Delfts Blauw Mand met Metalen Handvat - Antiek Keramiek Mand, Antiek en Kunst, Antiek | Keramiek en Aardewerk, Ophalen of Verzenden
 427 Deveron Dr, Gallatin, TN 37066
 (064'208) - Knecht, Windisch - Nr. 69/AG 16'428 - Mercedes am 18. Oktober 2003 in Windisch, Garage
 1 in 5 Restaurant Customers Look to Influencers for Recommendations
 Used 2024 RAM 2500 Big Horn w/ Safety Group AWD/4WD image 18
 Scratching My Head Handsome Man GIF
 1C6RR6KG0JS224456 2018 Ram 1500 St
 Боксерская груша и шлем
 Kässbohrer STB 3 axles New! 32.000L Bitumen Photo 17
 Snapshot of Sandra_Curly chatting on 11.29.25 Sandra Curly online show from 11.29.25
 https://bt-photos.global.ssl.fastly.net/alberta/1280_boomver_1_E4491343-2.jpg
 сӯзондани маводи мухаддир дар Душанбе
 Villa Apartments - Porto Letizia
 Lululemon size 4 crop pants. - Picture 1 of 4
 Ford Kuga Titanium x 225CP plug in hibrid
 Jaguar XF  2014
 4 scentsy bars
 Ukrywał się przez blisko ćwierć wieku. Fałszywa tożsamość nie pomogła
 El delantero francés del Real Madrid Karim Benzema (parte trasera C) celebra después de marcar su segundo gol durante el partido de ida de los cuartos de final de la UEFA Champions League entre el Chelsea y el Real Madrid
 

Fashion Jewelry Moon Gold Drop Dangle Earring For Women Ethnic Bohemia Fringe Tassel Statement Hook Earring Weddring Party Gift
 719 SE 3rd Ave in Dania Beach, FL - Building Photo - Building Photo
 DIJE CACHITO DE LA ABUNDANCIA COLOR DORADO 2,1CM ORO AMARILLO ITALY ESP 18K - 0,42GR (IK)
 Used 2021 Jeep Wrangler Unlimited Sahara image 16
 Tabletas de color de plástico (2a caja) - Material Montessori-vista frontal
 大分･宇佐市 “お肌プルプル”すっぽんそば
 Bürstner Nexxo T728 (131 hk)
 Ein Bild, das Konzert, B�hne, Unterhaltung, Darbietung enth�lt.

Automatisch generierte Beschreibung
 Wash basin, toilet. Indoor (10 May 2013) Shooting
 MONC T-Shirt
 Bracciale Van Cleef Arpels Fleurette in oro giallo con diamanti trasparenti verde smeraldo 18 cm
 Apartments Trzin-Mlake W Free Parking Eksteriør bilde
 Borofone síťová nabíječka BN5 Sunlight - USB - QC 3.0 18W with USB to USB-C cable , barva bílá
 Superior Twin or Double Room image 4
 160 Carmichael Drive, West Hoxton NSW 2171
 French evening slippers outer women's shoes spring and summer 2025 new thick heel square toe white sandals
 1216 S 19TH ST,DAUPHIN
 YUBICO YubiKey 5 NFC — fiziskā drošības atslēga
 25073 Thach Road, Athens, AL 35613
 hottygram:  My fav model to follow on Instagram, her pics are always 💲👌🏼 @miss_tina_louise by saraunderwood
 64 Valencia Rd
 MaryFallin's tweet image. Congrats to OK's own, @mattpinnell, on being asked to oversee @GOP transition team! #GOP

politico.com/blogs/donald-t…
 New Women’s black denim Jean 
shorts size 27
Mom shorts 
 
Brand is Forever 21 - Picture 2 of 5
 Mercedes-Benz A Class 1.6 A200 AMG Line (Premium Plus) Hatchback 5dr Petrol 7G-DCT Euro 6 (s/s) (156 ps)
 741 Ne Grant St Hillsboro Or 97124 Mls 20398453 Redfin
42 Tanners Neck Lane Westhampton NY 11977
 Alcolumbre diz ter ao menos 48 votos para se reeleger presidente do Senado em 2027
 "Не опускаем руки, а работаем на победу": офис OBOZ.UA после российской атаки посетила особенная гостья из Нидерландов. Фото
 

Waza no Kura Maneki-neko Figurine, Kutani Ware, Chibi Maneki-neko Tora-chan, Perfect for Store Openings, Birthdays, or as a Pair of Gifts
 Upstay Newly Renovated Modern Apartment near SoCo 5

» **What to work on**:
Reproduce every line from the entries that holds the word "size".

» **Answer for this exercise**:
 Lululemon size 4 crop pants. - Picture 1 of 4
shorts size 27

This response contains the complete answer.